The greatness of ancient Rome is famous, and her decline and fall proverbial, but men are little aware that there is yet to be a revival of that empire on a scale of magnificence which will evoke the amazement of the world. "They that dwell upon the earth shall wonder, when they behold the beast that it was, and is not, and shall be present." In that mystic phrase is prophetically condensed the history of the Roman Empire. Its resurrection will be contrary to any previous experience. Empires hitherto have gradually risen, attained their zenith and then fallen; but though the Roman Empire seems to have received a deadly wound, that wound is to be healed — and the new empire will be the seventh head — but so marvellous and distinct in character that it is counted an eighth. "I saw one of his heads wounded as it were to death; and his deadly wound was healed: and all the world wondered after the beast … and they worshipped the beast, saying, Who is like unto the beast? Who is able to make war with him (Rev. 13:3-4)? Considering the far from leading position of Rome at present, surprise may be felt at the idea of her being once more the leader of the world. The explanation is found in the significant statement that the beast is "to come up out of the abyss" (Rev. 17:8, already quoted). This is an index to a condition of the world of which men have hitherto had no experience. At the risk of digression, it may be well to trace this matter a little through scripture.

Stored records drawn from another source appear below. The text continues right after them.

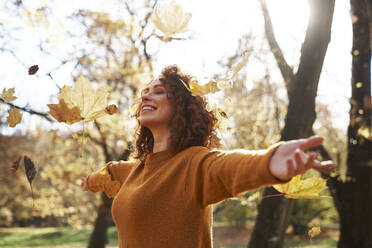 Autumn leaves falling on redhead woman with arms outstretched at park - ABIF02073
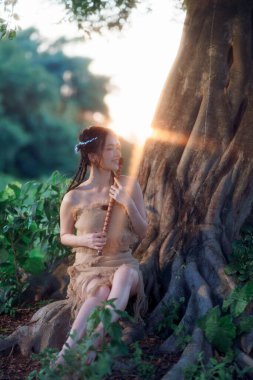 Nostaljik tema, ağacın altında flüt çalan kız.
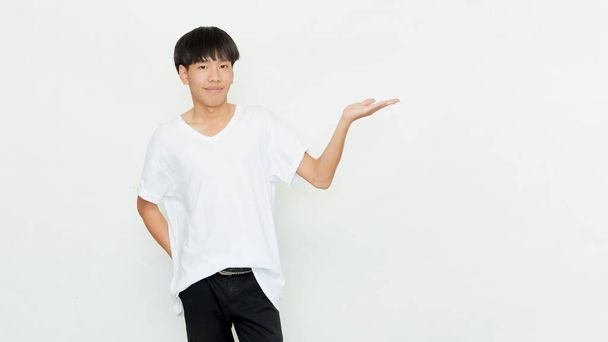 Retrato de un atractivo joven asiático en camiseta blanca casual haciendo gesto de mano abierta aislado sobre fondo blanco - Foto, imagen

1909 260 All government in the world has heretofore been of God. In the remarkable clash of opinions today, and wild projects for the improvement of the world, there has arisen a company of men more dangerous from their audacity than their number, who call themselves Nihilists in Russia, and in other places, Anarchists. The etymology of both names indicates the principles held — no government of any kind, no law, no worship, no God — nothing — nihil! Or, anarchy — without a chief, but with all that this chiefless lawlessness involves — mankind to be left to their own ungoverned impulses. And from this low-level swamp into which all evil will drain, the anarchists are deluded enough to expect that good will arise to humanity. Alas! for the neglected light of the Bible! Had they known the Scriptures they might have seen that in the varied demonstration of principles which God has wrought out on the platform of this world, man has already been tried on the very ground of no government; for that was the condition of the world before the deluge. There is no record, no trace of any government until then. Man, now that he had listened to Satan and rejected God, was allowed to display what he would come to without law and without interference. And what was the result? "The wickedness of man was great in the earth, and every imagination of the thoughts of his heart was only evil continually. The earth also was corrupt before God, and the earth was filled with violence. And God looked upon the earth, and behold it was corrupt; for all flesh had corrupted his way upon the earth. And God said unto Noah, The end of all flesh is come before me; for the earth is filled with violence through them, and behold I will destroy them from the earth" (Gen. 6:5, 11, 12, 13). That was the development of fallen human nature left to itself.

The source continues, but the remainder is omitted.